Caption-style text data:
*** Block opens ***

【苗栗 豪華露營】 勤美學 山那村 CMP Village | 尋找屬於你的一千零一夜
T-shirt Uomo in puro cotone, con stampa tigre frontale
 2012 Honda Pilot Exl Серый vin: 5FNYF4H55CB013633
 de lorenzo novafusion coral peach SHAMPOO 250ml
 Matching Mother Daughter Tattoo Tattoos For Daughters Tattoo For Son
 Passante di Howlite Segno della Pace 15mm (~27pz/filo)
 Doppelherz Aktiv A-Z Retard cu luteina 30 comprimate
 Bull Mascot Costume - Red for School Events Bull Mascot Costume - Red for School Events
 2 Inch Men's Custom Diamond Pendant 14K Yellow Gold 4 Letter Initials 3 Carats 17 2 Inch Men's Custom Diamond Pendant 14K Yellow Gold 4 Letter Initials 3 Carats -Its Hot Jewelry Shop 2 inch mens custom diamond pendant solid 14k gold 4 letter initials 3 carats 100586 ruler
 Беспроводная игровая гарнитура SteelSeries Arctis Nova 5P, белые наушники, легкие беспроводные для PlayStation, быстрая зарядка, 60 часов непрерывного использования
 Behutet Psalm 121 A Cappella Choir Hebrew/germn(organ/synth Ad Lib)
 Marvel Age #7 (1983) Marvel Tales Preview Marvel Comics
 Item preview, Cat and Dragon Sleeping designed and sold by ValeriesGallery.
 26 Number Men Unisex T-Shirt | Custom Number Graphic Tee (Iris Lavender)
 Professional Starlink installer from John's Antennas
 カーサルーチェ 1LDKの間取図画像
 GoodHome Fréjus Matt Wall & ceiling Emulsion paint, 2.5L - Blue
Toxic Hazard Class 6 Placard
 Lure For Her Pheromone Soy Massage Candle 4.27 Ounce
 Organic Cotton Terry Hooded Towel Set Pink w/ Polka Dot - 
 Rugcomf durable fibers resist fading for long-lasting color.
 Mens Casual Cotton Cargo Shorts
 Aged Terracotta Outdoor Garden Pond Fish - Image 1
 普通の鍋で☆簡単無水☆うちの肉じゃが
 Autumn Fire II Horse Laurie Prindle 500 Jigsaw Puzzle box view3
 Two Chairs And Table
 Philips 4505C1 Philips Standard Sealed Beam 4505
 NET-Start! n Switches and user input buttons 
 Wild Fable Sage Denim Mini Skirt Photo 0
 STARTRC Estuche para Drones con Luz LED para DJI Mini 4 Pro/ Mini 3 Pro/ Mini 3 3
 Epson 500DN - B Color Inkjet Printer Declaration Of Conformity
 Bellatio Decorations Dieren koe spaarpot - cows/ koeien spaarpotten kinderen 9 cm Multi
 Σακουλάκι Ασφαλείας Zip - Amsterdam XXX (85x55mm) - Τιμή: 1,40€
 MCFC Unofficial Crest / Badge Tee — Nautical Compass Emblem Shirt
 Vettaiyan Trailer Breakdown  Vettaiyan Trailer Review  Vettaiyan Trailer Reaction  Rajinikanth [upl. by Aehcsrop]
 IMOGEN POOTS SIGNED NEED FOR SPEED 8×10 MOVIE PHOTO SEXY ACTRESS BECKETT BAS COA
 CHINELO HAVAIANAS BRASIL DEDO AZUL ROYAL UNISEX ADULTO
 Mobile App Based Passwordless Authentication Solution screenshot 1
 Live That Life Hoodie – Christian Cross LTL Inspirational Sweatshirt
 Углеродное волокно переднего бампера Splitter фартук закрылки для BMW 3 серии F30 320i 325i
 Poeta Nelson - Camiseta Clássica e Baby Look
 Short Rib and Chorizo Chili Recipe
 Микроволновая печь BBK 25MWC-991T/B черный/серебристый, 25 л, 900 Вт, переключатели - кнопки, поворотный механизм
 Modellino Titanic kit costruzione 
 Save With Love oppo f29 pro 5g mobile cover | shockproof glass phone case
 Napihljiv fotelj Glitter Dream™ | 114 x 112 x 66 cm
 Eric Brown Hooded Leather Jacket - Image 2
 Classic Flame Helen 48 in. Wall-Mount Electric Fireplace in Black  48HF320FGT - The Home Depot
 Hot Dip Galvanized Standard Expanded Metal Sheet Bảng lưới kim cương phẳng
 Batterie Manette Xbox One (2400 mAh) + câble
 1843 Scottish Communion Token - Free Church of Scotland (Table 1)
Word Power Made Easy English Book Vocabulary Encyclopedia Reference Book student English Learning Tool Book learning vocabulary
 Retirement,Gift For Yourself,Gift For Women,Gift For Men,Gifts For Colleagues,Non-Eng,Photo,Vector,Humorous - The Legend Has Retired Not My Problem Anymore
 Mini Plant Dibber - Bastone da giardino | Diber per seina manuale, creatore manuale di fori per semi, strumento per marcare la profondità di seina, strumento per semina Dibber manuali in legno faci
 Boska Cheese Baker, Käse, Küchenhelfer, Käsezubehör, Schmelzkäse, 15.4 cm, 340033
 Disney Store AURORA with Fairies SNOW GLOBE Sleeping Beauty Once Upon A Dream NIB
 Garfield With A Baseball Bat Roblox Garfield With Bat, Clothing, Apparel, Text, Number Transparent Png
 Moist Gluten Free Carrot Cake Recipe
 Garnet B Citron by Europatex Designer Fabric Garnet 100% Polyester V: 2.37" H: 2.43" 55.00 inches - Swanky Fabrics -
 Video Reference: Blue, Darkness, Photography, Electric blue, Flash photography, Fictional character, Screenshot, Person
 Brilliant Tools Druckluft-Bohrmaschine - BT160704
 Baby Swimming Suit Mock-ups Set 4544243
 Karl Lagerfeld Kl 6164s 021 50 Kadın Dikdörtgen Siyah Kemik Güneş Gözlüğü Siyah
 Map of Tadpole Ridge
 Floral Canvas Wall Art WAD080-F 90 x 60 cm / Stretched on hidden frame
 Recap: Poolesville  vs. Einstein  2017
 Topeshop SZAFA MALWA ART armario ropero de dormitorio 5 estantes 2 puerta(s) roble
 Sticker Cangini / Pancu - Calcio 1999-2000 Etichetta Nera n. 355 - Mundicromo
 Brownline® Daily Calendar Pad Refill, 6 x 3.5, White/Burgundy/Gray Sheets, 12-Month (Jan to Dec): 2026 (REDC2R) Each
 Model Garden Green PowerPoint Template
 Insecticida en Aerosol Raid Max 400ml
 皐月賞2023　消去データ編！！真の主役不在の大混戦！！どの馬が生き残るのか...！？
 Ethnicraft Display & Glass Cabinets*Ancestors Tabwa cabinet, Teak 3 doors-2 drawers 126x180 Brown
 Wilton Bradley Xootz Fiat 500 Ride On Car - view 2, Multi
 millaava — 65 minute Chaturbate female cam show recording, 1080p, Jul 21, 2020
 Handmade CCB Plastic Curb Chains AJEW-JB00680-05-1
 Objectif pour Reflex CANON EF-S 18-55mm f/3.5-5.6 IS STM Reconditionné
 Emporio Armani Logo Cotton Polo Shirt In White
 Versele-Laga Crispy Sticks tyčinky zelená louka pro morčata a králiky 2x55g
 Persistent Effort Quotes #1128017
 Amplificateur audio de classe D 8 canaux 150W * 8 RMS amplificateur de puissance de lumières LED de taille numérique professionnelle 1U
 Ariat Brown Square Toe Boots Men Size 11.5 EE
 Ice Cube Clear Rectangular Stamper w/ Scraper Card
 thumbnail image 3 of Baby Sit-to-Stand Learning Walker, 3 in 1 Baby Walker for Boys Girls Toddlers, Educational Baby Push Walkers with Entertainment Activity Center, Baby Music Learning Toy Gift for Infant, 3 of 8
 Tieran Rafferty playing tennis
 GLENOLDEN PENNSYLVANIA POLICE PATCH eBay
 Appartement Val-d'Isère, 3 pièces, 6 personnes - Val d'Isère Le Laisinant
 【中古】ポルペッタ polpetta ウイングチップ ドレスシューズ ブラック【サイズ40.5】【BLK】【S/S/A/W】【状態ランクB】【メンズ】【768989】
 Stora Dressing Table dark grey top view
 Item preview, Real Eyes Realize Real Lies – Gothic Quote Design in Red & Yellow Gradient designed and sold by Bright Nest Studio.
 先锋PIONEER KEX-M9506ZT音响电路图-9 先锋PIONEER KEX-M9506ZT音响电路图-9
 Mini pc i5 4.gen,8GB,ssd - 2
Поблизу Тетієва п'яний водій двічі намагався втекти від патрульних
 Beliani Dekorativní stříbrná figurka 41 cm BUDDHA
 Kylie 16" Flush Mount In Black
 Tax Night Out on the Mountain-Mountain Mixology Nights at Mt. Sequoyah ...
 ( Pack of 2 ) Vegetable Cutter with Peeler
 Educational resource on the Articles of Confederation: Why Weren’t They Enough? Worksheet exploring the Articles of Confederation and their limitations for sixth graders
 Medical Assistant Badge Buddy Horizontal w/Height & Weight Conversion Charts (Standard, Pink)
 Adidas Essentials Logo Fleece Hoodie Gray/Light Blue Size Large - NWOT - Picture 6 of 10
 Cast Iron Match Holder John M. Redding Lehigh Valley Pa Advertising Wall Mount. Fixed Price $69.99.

*** Block closes ***

- _Work instructions_
Please return the lines above that run from the line containing "Video Reference: Blue, Darkness, Photography, Electric" to the line containing "Floral Canvas Wall", inclusive, exactly and with no other lines.

- _Written solution_
 Video Reference: Blue, Darkness, Photography, Electric blue, Flash photography, Fictional character, Screenshot, Person
 Brilliant Tools Druckluft-Bohrmaschine - BT160704
 Baby Swimming Suit Mock-ups Set 4544243
 Karl Lagerfeld Kl 6164s 021 50 Kadın Dikdörtgen Siyah Kemik Güneş Gözlüğü Siyah
 Map of Tadpole Ridge
 Floral Canvas Wall Art WAD080-F 90 x 60 cm / Stretched on hidden frame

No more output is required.